The impact is twofold:
- Committing items to a Project removes them from your stash immediately, freeing slots.
- You’re pouring resources into permanent or long-cycle account bonuses instead of sitting on them “for later.”
Early Projects are heavy on metals and basic parts; higher tiers start demanding green and blue materials, upgrade components, and rare drops like Sentinel Firing Cores. Handing those over is painful, but they represent some of the most space-hungry items in the game.
Stop hoarding gear you never field
The most brutal but effective fix is philosophical: stop treating extracted loot as a museum collection.
- Limit weapon duplicates. Outside of genuinely rare finds or highly tuned builds, two copies of a gun per archetype is usually enough—one in your current kit, one as backup. Ten Bobcats or fifteen Venators eat slots you need for materials.
- Trim consumable overstock. Shield Rechargers, grenades, and ammo packs are easy to craft or buy. Carry what you use and keep a small buffer; turn the rest into coins.
- Use high-tier gear instead of saving it forever. A legendary rifle sitting in your stash for days because you’re “waiting for the right raid” is dead weight. The game is built around the idea that you will sometimes lose good items.
Players who embrace this tend to hit the cap later and feel less punished when they do. Those who insist on full backup kits for every possible mood inevitably spend half their session arguing with the stash UI.

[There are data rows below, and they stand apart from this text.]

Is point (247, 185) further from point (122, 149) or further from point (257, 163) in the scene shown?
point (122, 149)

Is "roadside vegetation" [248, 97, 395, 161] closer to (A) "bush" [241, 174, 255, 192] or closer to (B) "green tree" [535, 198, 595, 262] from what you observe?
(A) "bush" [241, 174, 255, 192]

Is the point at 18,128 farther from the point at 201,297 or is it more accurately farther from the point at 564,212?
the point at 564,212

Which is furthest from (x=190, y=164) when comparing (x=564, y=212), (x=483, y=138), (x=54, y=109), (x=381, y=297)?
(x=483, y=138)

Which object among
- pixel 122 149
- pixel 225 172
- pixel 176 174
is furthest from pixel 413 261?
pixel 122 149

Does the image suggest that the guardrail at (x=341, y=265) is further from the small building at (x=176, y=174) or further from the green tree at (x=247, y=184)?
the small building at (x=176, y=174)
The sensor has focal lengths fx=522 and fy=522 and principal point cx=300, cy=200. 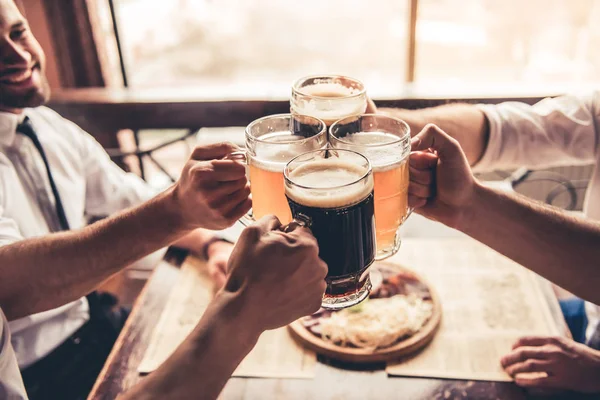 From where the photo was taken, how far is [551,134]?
73.7 inches

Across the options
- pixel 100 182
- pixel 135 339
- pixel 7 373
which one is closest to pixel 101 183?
pixel 100 182

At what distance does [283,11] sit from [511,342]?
4286 millimetres

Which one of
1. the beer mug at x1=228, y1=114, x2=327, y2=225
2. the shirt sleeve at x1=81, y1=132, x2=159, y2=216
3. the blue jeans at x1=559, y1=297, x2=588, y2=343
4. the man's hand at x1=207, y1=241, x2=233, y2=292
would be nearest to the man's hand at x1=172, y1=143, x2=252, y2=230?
the beer mug at x1=228, y1=114, x2=327, y2=225

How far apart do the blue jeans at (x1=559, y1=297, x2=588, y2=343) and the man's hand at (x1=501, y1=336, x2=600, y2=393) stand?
42 centimetres

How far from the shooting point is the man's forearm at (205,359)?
2.99 feet

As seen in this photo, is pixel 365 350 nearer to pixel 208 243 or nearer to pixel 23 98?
pixel 208 243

Know which “junk” is secretly important
Part of what makes the stash cap sting is how opaque item roles can be. Many things are labeled as recyclable, then turn out to be required for bench upgrades, Scrappy, or later Projects.
A few broad trends make stash decisions a little safer:
- Workshop and bench upgrades lean on things like toasters, motors, industrial batteries, rusted gears, cracked bioscanners, and other “household” salvage. If you haven’t fully leveled your workstations, keeping at least a few of each of these is wise.
- Medical upgrades are notorious for needing rare items such as rusted shut medical kits and laboratory reagents that don’t drop often. Treat the first copies as off-limits until your Medical Lab is at the tier you want.
- Scrappy training consumes fruit (lemons, apricots, olives), cat beds, pillows, and similar oddities. Once Scrappy is maxed, you can start being more aggressive about selling or turning those items into coins.
- Sentinel Firing Cores come from specific turret-like Arc enemies and are required for some high-end crafting and Projects. They stack, but you won’t see many; give them priority over another generic green SMG.
The pattern: materials that are slow to replace or clearly tied to progression systems deserve stash real estate. Generic weapons and common scrap do not.

The stash cap in ARC Raiders is not a technical limitation; it’s a design line the game keeps pushing you up against. At 280 slots, you can’t own every variant of every gun, keep every quest trinket, and sit on thousands of materials “just in case.” You either sell, recycle, refine, or spend them—on upgrades, on Projects, or on the next raid that goes bad.
Lean into that. Max the stash once, then treat 280 not as a collection goal but as a budget you constantly re-allocate. The game feels different when you stop fighting the ceiling and start deciding what actually deserves to live under it.